(Problem to work on)
Below are entries; copy exactly the lines from the one with "京都記念を制したジューンテイク（撮影・石湯恒介）" through the one with "Blauer Spielzeug Traktor", both included, and leave out the rest.

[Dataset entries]
=== Section Start ===

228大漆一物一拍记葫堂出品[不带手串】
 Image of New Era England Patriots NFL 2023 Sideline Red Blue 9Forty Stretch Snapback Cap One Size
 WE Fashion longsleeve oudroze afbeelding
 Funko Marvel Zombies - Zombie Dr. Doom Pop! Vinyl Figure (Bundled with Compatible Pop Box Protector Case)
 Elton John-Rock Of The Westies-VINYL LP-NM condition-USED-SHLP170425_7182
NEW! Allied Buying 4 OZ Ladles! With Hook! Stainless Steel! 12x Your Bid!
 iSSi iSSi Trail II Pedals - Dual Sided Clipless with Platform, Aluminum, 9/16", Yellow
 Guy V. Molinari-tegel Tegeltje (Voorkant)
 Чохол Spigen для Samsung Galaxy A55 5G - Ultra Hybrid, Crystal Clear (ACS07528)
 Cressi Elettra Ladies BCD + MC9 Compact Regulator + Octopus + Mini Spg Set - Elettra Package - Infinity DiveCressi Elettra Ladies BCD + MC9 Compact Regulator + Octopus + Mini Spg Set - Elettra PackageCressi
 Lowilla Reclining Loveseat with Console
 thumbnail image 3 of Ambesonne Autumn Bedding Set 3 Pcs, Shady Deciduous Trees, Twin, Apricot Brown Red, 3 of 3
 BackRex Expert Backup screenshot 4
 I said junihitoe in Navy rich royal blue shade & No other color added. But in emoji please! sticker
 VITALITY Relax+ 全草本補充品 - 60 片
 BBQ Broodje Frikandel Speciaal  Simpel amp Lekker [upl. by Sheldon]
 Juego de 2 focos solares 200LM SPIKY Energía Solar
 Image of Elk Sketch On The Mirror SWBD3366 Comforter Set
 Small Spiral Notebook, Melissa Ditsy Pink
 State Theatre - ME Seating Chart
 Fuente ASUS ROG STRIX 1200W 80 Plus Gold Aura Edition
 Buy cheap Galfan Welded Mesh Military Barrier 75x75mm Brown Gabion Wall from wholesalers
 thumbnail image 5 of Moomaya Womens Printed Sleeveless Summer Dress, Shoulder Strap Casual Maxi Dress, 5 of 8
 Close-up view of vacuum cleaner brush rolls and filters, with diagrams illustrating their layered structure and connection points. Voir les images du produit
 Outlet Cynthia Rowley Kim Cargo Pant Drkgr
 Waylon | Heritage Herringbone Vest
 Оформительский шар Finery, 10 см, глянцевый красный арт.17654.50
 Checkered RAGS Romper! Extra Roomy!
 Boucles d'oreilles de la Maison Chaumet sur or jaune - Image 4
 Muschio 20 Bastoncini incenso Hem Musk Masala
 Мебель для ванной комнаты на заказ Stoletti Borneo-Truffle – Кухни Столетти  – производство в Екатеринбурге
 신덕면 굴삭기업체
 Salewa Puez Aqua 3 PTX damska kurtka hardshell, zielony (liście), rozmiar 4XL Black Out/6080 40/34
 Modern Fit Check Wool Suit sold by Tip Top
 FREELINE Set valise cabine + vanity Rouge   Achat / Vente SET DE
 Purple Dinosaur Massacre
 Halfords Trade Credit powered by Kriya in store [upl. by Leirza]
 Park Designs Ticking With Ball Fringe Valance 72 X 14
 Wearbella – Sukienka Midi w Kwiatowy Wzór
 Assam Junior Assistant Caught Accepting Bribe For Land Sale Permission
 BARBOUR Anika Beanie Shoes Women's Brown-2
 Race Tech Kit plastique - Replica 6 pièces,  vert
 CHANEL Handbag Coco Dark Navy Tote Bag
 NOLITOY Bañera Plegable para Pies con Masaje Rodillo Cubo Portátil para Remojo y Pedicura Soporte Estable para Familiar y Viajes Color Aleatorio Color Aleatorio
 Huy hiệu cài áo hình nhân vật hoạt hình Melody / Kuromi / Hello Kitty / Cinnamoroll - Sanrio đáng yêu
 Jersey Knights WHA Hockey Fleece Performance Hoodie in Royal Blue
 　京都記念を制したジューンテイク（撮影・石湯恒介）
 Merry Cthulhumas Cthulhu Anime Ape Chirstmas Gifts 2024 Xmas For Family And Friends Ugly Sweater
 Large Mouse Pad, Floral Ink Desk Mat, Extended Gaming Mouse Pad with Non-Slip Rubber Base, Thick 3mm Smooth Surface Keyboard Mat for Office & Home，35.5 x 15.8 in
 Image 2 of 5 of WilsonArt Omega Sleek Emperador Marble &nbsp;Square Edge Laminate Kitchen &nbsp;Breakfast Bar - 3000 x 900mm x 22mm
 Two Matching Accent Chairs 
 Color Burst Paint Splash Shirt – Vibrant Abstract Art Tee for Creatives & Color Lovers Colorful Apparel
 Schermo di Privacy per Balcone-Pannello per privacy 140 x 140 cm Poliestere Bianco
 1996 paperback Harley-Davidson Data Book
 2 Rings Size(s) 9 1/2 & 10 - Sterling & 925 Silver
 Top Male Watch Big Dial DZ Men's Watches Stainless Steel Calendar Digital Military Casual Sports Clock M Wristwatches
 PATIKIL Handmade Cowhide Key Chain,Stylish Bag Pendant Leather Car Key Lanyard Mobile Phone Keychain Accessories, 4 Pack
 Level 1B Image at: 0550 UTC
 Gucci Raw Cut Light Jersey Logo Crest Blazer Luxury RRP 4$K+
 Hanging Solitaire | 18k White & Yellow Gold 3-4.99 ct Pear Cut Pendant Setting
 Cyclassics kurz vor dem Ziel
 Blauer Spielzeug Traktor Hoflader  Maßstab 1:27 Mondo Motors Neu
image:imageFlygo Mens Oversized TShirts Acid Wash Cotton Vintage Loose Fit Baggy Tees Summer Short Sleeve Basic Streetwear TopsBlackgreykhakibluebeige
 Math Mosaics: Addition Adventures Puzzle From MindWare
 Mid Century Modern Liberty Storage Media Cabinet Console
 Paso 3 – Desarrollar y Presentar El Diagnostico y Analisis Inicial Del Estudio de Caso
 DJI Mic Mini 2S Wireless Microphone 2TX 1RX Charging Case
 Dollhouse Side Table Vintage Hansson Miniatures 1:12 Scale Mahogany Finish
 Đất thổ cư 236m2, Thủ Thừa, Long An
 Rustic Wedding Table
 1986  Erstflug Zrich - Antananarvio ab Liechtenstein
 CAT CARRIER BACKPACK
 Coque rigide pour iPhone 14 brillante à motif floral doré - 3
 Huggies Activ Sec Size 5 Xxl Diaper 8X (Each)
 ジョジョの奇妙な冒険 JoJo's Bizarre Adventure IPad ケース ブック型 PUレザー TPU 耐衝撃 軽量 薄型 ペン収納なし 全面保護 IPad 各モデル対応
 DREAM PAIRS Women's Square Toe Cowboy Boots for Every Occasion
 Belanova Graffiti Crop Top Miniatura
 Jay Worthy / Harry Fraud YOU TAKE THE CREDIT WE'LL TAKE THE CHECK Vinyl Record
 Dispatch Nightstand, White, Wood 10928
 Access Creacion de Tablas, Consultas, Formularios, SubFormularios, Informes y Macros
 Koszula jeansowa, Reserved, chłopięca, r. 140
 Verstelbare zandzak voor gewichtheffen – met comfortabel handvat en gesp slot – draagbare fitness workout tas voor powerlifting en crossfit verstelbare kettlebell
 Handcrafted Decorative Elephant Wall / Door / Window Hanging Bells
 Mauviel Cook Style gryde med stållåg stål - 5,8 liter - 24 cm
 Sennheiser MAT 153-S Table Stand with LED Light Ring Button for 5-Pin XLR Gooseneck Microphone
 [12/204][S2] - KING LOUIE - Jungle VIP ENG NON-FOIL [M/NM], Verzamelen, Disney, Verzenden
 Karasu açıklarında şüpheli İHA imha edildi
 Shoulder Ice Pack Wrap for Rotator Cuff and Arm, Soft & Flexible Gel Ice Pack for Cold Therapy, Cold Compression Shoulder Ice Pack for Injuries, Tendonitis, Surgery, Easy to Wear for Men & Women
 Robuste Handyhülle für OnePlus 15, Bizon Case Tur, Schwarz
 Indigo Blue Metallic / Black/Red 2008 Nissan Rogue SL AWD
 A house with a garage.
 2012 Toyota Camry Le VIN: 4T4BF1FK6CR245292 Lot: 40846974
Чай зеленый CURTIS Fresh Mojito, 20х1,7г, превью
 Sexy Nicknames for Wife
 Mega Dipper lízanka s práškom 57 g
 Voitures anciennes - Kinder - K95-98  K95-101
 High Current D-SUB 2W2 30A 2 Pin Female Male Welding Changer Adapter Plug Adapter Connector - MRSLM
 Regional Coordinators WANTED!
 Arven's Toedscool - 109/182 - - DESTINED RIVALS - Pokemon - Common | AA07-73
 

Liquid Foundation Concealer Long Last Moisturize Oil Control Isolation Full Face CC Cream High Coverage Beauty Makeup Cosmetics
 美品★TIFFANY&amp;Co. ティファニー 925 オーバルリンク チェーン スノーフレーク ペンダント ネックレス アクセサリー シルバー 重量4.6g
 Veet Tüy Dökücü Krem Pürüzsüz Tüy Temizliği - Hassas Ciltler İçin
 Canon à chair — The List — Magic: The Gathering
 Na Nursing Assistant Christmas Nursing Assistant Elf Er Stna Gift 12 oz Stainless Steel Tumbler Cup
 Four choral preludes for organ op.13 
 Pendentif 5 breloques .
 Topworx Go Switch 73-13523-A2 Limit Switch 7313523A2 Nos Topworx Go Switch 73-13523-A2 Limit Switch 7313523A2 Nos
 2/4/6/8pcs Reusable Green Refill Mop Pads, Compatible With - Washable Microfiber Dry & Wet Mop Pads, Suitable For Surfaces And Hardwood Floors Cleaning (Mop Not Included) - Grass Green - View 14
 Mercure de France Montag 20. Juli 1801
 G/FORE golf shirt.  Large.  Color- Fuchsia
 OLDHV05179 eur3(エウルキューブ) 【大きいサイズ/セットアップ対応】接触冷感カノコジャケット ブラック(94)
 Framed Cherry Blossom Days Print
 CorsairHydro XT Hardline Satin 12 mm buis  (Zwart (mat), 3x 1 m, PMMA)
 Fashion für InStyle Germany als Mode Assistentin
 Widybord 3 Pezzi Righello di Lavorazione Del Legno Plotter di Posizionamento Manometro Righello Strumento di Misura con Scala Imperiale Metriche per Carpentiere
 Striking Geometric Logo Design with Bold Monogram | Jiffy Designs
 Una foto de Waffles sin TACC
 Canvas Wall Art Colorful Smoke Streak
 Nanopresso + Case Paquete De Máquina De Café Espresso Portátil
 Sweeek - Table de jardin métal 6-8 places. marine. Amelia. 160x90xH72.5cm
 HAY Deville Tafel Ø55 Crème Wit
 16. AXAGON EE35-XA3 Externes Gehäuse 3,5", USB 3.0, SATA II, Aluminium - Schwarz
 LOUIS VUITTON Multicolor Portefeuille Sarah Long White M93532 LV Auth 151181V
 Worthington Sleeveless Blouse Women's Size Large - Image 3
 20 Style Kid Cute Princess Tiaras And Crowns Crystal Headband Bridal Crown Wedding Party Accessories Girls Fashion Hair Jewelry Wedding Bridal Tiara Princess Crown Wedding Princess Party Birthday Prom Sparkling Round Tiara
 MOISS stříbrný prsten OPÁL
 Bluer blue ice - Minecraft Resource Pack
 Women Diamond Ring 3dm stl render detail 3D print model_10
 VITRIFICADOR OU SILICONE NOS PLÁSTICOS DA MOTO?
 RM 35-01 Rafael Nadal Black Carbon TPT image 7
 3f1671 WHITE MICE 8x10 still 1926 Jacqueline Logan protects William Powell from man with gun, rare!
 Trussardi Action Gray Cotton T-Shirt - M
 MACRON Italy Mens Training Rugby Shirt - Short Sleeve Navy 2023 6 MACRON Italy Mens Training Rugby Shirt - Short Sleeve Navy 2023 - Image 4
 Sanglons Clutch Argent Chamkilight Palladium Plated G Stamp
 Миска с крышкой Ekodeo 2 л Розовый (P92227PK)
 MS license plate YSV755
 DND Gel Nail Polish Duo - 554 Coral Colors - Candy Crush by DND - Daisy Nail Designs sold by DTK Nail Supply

=== Section End ===

(Result for this task)
 　京都記念を制したジューンテイク（撮影・石湯恒介）
 Merry Cthulhumas Cthulhu Anime Ape Chirstmas Gifts 2024 Xmas For Family And Friends Ugly Sweater
 Large Mouse Pad, Floral Ink Desk Mat, Extended Gaming Mouse Pad with Non-Slip Rubber Base, Thick 3mm Smooth Surface Keyboard Mat for Office & Home，35.5 x 15.8 in
 Image 2 of 5 of WilsonArt Omega Sleek Emperador Marble &nbsp;Square Edge Laminate Kitchen &nbsp;Breakfast Bar - 3000 x 900mm x 22mm
 Two Matching Accent Chairs 
 Color Burst Paint Splash Shirt – Vibrant Abstract Art Tee for Creatives & Color Lovers Colorful Apparel
 Schermo di Privacy per Balcone-Pannello per privacy 140 x 140 cm Poliestere Bianco
 1996 paperback Harley-Davidson Data Book
 2 Rings Size(s) 9 1/2 & 10 - Sterling & 925 Silver
 Top Male Watch Big Dial DZ Men's Watches Stainless Steel Calendar Digital Military Casual Sports Clock M Wristwatches
 PATIKIL Handmade Cowhide Key Chain,Stylish Bag Pendant Leather Car Key Lanyard Mobile Phone Keychain Accessories, 4 Pack
 Level 1B Image at: 0550 UTC
 Gucci Raw Cut Light Jersey Logo Crest Blazer Luxury RRP 4$K+
 Hanging Solitaire | 18k White & Yellow Gold 3-4.99 ct Pear Cut Pendant Setting
 Cyclassics kurz vor dem Ziel
 Blauer Spielzeug Traktor Hoflader  Maßstab 1:27 Mondo Motors Neu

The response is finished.